202400912/1/V2.
Datum uitspraak: 14 november 2024
AFDELING
BESTUURSRECHTSPRAAK
Uitspraak met toepassing van artikel 8:54, eerste lid, van de Algemene wet bestuursrecht op het hoger beroep van:
[de vreemdeling],
appellant,
tegen de uitspraak van de rechtbank Den Haag, zittingsplaats Arnhem, van 12 januari 2024 in zaak nr. NL23.28754 in het geding tussen:
de vreemdeling
en
de minister van Asiel en Migratie.
Procesverloop
Bij besluit van 24 augustus 2023, aangevuld bij brief van 23 november 2023, heeft de staatssecretaris van Justitie en Veiligheid een aanvraag van de vreemdeling om hem een verblijfsvergunning asiel voor bepaalde tijd te verlenen, ingewilligd.

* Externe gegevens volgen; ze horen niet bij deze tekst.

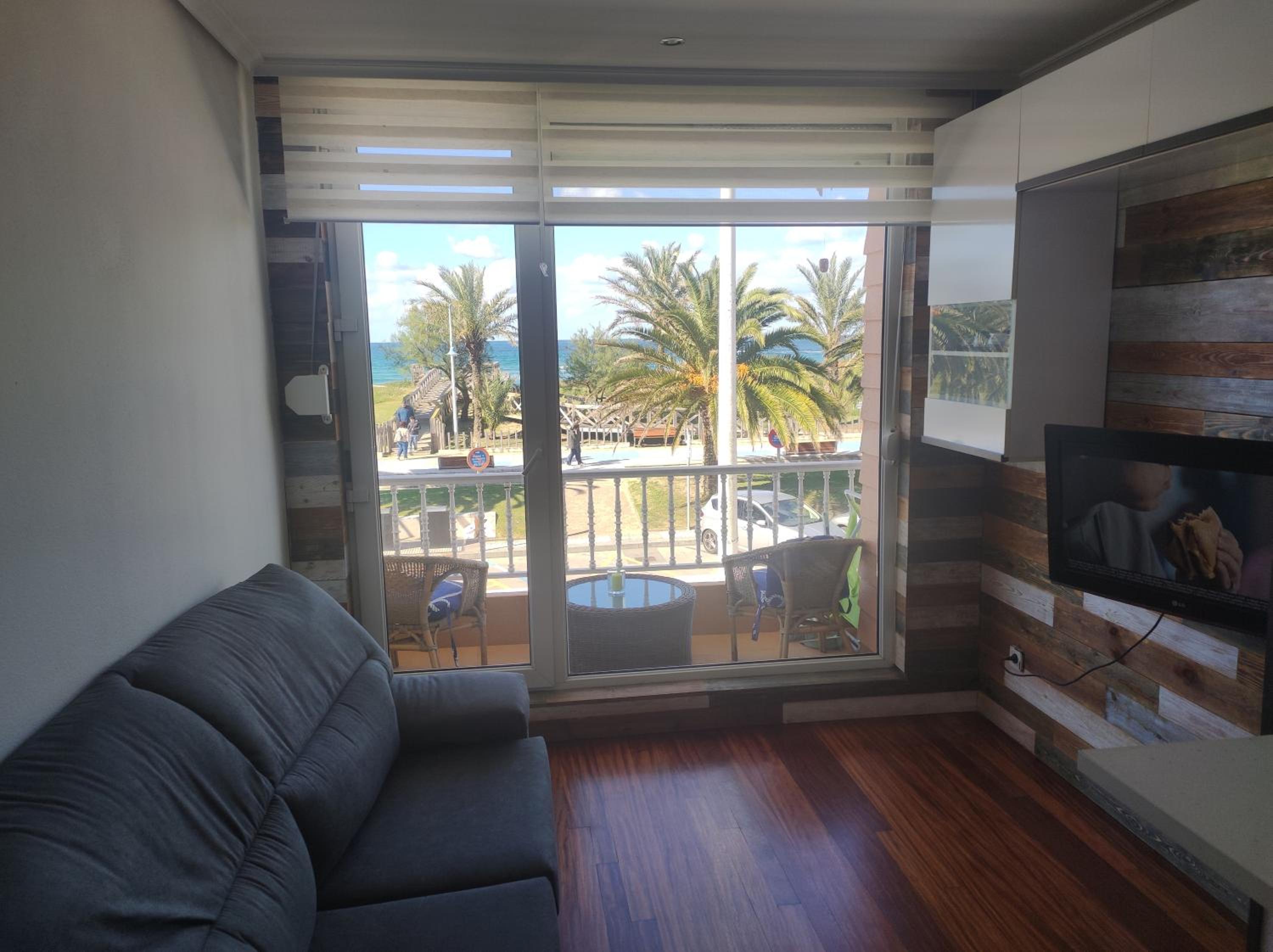 APARTAMENTO EN LINEA DE PLAYA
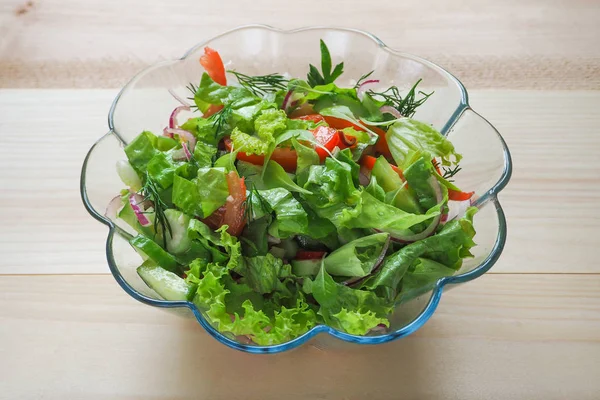 Einen Leichten Salat Mit Gemüse Sommersalat — Stockfoto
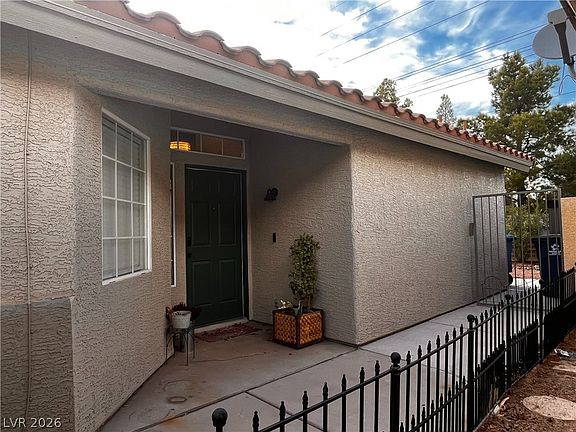 5th image of 932 Rainbow Rock St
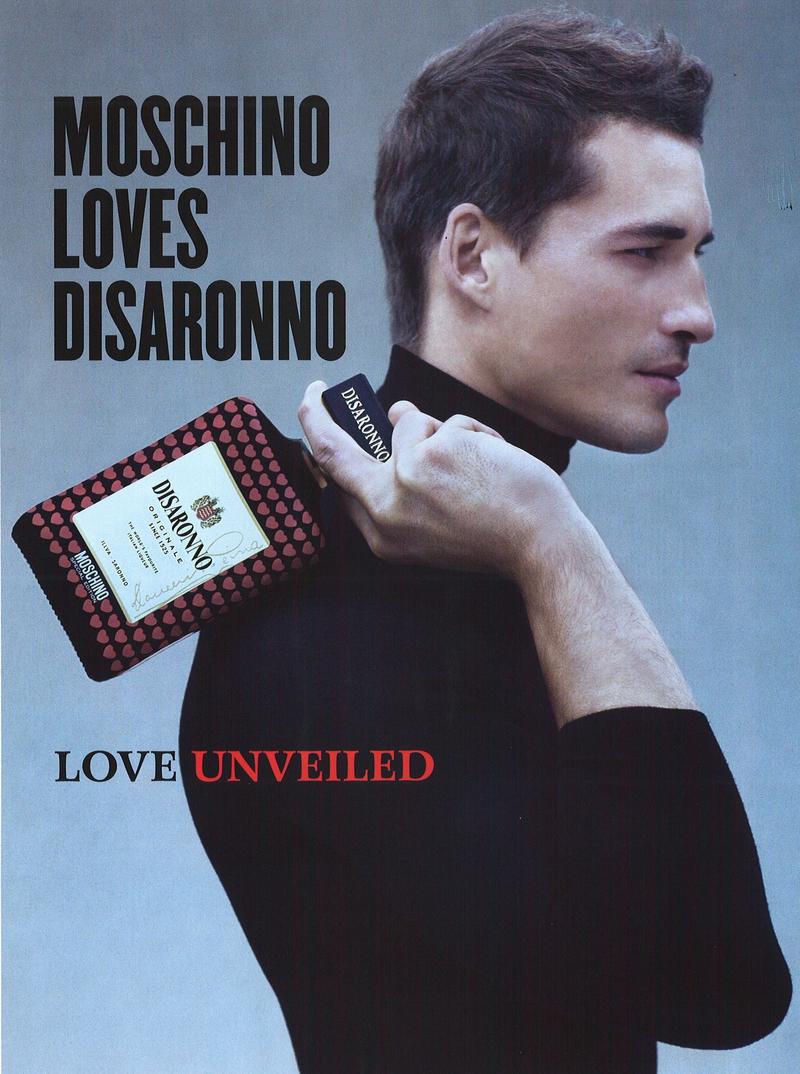 Reklama perfum Moschino Disaronno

Bij uitspraak van 12 januari 2024 heeft de rechtbank het daartegen door de vreemdeling ingestelde beroep gegrond verklaard, dat besluit vernietigd en bepaald dat de rechtsgevolgen daarvan geheel in stand blijven.

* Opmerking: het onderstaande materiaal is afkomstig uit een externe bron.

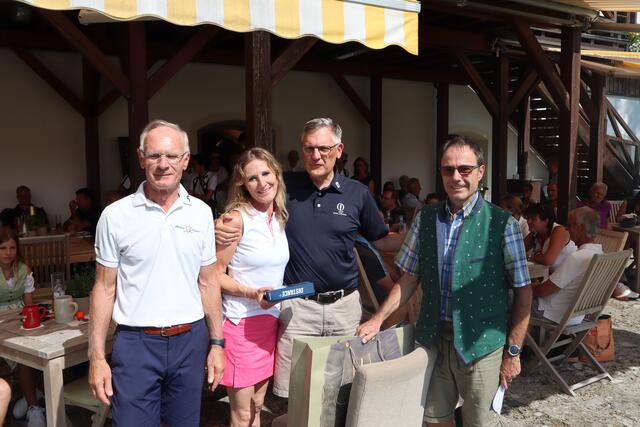 Die Sieger von "Netto Platz 3": Thomas Linnemann (19); GC Gut Altentann und Monika Scherer (59); GC Gut Altentann | Foto: GC Gut Altentann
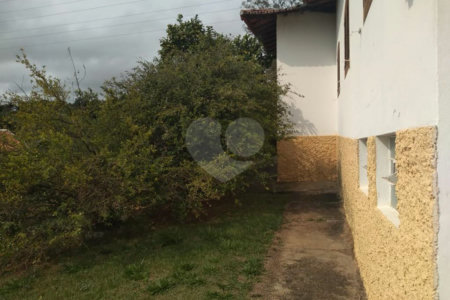 Casa à venda com 3 quartos, sendo 1 suíte, no Centro, Vinhedo, SP
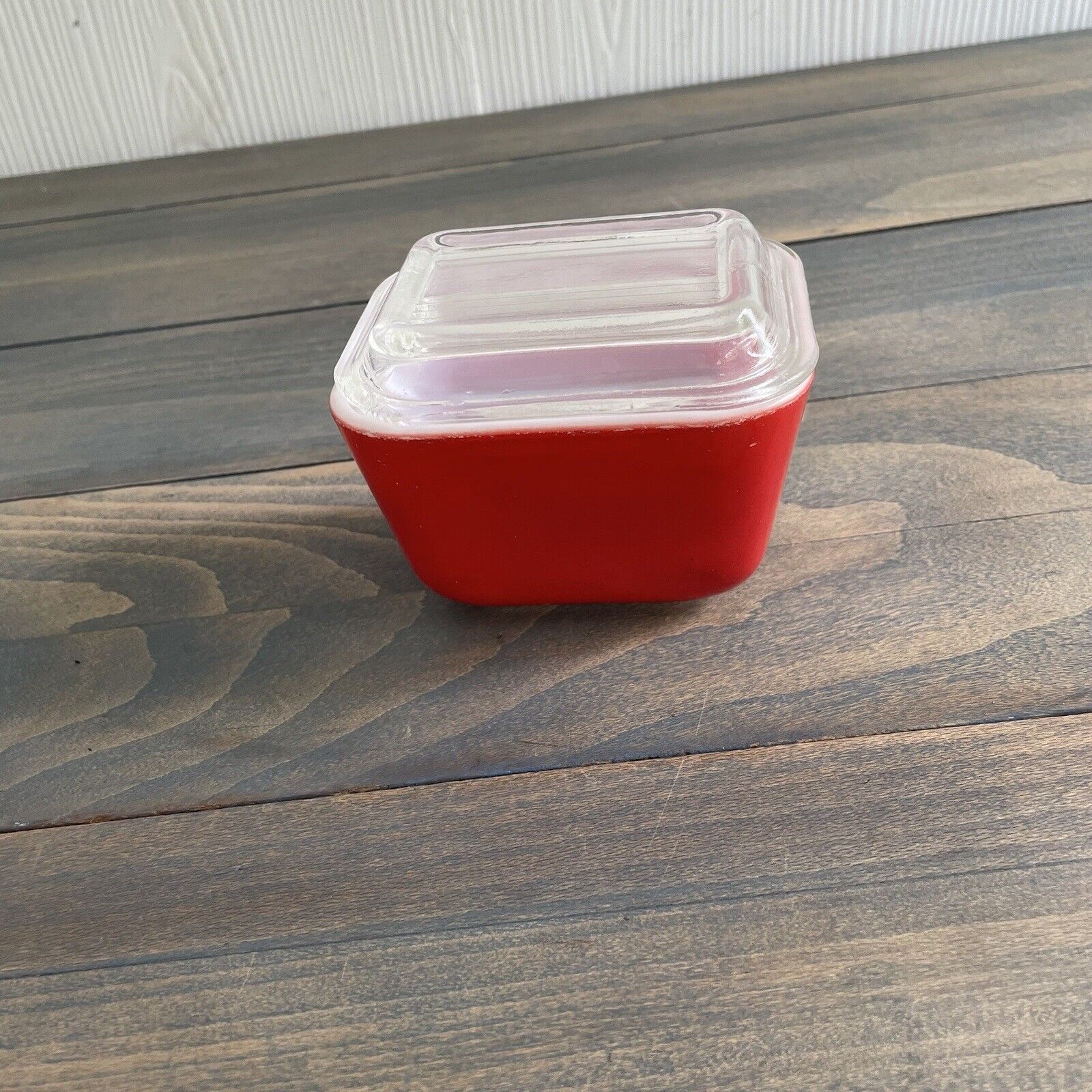Vintage 1960s Pyrex Red Refrigerator Dish w/Ribbed Lid #501 (SH)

Tegen deze uitspraak heeft de vreemdeling, vertegenwoordigd door mr. I. Wudka, advocaat in Maastricht, hoger beroep ingesteld.
Overwegingen
1. In de derde grief klaagt de vreemdeling over het oordeel van de rechtbank dat de minister op grond van de uitspraak van de Afdeling van 9 november 2017, ECLI:NL:RVS:2017:3288, mag concluderen dat een vreemdeling meerderjarig is als hij in andere lidstaten een of meerdere keren met een meerderjarige leeftijd is geregistreerd, omdat hij er op grond van het interstatelijk vertrouwensbeginsel in beginsel van uit mag gaan dat de registratie in een andere lidstaat zorgvuldig heeft plaatsgevonden. In de uitspraak van 9 oktober 2024, ECLI:NL:RVS:2024:3992, heeft de Afdeling geoordeeld dat de minister niet op grond van het interstatelijk vertrouwensbeginsel mag uitgaan van de juistheid van een leeftijdsregistratie uit een andere lidstaat. Hoewel de vreemdeling daarom terecht klaagt over dat oordeel van de rechtbank, leidt de grief niet tot vernietiging van de uitspraak van de rechtbank. Afgezien van de verwijzing naar het interstatelijk vertrouwensbeginsel, heeft de minister de beoordeling van de leeftijd namelijk in overeenstemming met het beoordelingskader dat de Afdeling in de hiervoor vermelde uitspraak van 9 oktober 2024, onder 7 tot en met 7.3, uiteen heeft gezet, verricht. Dat betekent dat de minister de vreemdeling terecht als meerderjarige heeft aangemerkt. De derde grief faalt. 2. De overige grieven leiden evenmin tot vernietiging van de uitspraak van de rechtbank. Dit oordeel hoeft niet verder te worden gemotiveerd. De reden daarvoor is dat die grieven geen vragen bevatten die in het belang van de rechtseenheid, de rechtsontwikkeling of de rechtsbescherming in algemene zin beantwoord moeten worden (artikel 91, tweede lid, van de Vw 2000).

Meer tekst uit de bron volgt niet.